Above: College of Charleston students Eric Conger (in yellow vest, second from left in foreground) and Tita Curtin (seated on boat, third from right) spent the summer with public health professor Leslie Hart studying the health impacts of plastic pollution on wild dolphins in the Gulf of Mexico. (Photo by the Sarasota Dolphin Research Program, taken under NMFS MMPA Permit No. 26622.) 

Two College of Charleston seniors spent their summer as part of a research team examining the health of wild bottlenose dolphins in Florida and Louisiana.

Eric Conger, a marine biology major, and Tita Curtin, a public health major, worked with Leslie Hart ’03 (M.S.), associate professor of public health and director of the College’s B.A. program in public health, to determine exposure to plastic pollution and possible health impacts on wild dolphins in Sarasota Bay, Florida, and Barataria Bay, Louisiana.

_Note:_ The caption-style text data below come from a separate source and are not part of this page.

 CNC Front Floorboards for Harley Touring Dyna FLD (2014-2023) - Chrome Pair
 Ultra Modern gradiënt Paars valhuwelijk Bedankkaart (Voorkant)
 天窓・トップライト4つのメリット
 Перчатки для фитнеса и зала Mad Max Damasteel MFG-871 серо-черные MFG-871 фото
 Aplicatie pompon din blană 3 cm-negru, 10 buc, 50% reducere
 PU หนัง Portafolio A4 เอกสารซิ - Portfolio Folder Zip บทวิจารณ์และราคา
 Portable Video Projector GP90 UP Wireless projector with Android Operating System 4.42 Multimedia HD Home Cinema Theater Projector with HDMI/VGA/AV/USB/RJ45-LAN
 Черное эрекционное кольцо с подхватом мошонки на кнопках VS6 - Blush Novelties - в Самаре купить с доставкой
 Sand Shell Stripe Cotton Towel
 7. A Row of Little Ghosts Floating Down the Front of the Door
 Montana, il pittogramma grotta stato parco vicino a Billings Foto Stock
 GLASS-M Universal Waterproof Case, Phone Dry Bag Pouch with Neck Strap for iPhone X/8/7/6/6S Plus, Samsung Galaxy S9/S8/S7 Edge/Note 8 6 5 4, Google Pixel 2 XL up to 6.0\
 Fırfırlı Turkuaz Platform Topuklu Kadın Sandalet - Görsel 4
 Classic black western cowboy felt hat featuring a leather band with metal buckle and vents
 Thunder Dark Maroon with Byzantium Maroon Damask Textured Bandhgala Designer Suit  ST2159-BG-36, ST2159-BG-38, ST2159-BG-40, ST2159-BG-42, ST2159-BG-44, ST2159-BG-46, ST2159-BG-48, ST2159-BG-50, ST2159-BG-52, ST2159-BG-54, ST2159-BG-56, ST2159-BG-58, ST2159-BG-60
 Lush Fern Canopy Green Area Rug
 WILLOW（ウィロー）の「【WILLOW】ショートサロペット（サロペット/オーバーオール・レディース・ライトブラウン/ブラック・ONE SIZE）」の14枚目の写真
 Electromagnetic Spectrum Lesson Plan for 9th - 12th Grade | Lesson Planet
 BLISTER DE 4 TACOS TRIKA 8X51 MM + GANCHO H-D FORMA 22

Both students participated in bottlenose dolphin health assessments, helping collect and process the samples used for their research. Working on boats that served as floating laboratories, Curtin’s job was to process samples of blood, blubber, urine and skin collected from more than 20 dolphins during the trips.

Eric Conger with dolphin

Senior CofC marine biology major Eric Conger (second from left) helps release a dolphin. (Photo by the Sarasota Dolphin Research Program, taken under NMFS MMPA Permit No. 26622.)

Conger’s experience was completely different. He was in the water with the dolphins as a handler so that veterinarians could collect the samples: “Most of the time I was holding a dolphin and helping to keep it calm and still while the sampling was taking place.”

Both students are using this experience to write their Honors College senior research theses. Curtin plans to concentrate on exposure to chemical plasticizers in Barataria Bay dolphins, while Conger’s research will focus on microplastics in the prey fish of Sarasota Bay dolphins.

“I think these experiences are incredibly valuable for students,” says Hart. “Studies show that student engagement in research enhances the student’s educational experience and confidence, improves institutional retention and can bolster student performance. These students mean the world to me, and our research would not be possible without them.”

Tita Curtin and Leslie Hart

Tita Curtin (seated, far right) has enjoyed working with public health professor Leslie Hart (standing, far right) and seeing the entire sample collection process. (Photo by the Sarasota Dolphin Research Program, taken under NMFS MMPA Permit No. 26622.)

Curtin enjoyed the hands-on part of this research.

“It is cool being up close and seeing every part of the sample collection process,” she says. “You’re not just using someone else’s data to write up a paper. You’re seeing it through from beginning to end.”

Samples from bottlenose dolphin health assessments were obtained in partnership with the National Oceanographic and Atmospheric Administration, the Chicago Zoological Society’s Sarasota Dolphin Research Program (under MMPA/EPA Permit No. 26622) and the National Marine Mammal Foundation (under MMPA/ESA Permit No. 24359).

This research is supported by the National Institute of Environmental Health Sciences of the National Institutes of Health under Award Number R15ES034169. The content is solely the responsibility of the authors and does not necessarily represent the official views of the National Institutes of Health.